--- DATA EXTRACT ---

* * * *

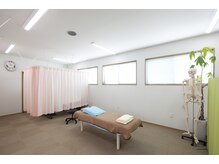あい鍼灸整骨院の雰囲気（キレイで広々とした店内♪緑も置いてあります。コロナ対策も◎）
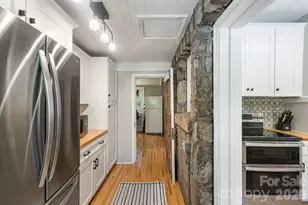 25 St Dunstans Cir, Asheville, NC 28803 - Photo 14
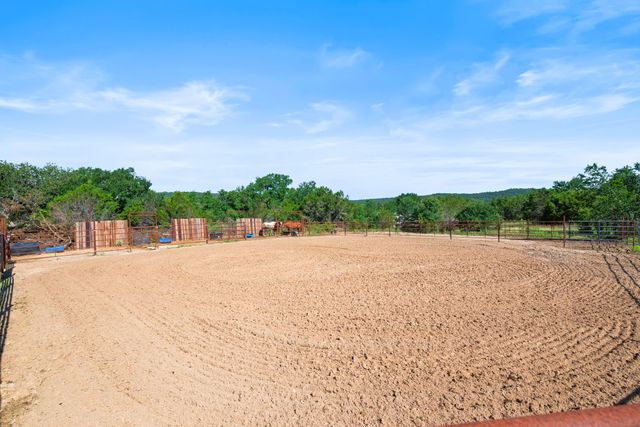 98 Shady Oaks Court, Mineral Wells, TX 76067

* * * *

--- REQUIRED ACTION ---
Print out all the material above exactly as it appears, omitting the images.

--- YOUR RESPONSE ---
あい鍼灸整骨院の雰囲気（キレイで広々とした店内♪緑も置いてあります。コロナ対策も◎）
 25 St Dunstans Cir, Asheville, NC 28803 - Photo 14
 98 Shady Oaks Court, Mineral Wells, TX 76067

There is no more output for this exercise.